Mercado Central: old-school coffee
No coffee trip to Belo Horizonte is complete without the Mercado Central, the city's huge, beloved covered market downtown. This isn't where you go for a perfectly dialed-in pour-over. It's where you go for the everyday, traditional side of the city's coffee culture.
Do the opposite of specialty for a moment and have a classic cafezinho at one of the old market counters. Places like Café Dois Irmãos serve the essentials: strong coffee, pão de queijo, and broa de fubá (cornmeal cake). For beans to take home, stick to the roasters above; for atmosphere and a taste of how locals usually drink their coffee day to day, the market is unbeatable.

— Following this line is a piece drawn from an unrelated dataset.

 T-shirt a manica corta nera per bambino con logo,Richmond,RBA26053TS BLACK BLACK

Practical tips for coffee in Belo Horizonte
- Base yourself in Savassi. Most of the best cafés are within walking distance of each other in Savassi and Funcionários, so you can easily do a self-guided café crawl in an afternoon.
- Go for the filter coffee at least once. Espresso is great, but a coado of a single origin is where you'll actually taste the region. Ask the barista what's freshest.

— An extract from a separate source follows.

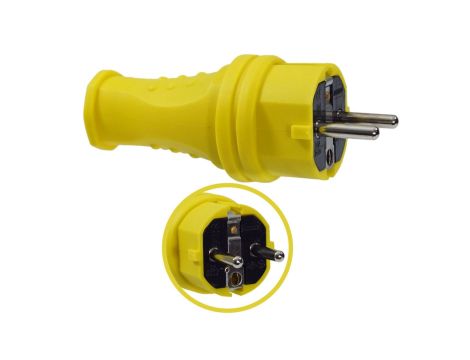 Wtyczka gumowa 16A 230V IP44 żółta AEI602277-Y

- Mornings are the move. Many specialty cafés double as brunch spots and get busy on weekends. Weekday mornings are calmer if you want the barista's attention for a tasting.
- Prices are friendly. Specialty coffee in Belo Horizonte is noticeably cheaper than in São Paulo or abroad, and far cheaper than the quality suggests. Treat yourself to the good lots.

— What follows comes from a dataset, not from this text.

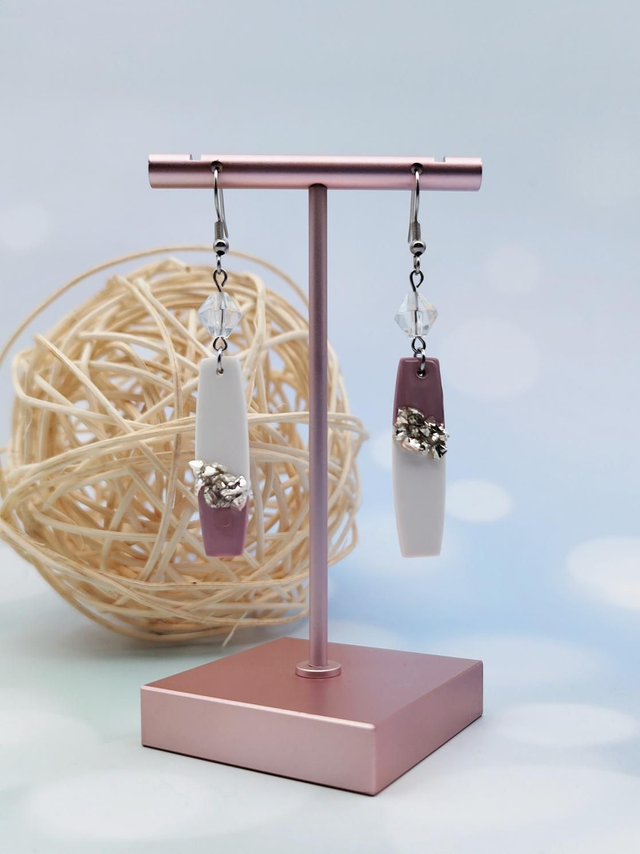 Boucles d'oreilles Pampille Vieux Rose, Blanc et Rocaille Argentée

- Buy beans before you leave. The cafés and roasters above (OOP, Elisa, and others) sell bags to take home. Look for the harvest date and the region on the bag.
- Cards work everywhere. Every specialty café takes cards (and Pix, Brazil's instant-payment system). The only place a little cash helps is the traditional stalls inside the Mercado Central. For the full picture, see our guide on paying and tipping in Brazil.
Belo Horizonte rewards anyone who actually cares about what's in the cup. You're in the heart of Brazil's coffee country, the people pouring your coffee often know the farmers who grew it, and a world-class coffee costs less than a fancy latte back home. Order a filter coffee, grab a warm pão de queijo, ask where the beans came from, and let the city show you why Minas earned the name terra do café, the land of coffee.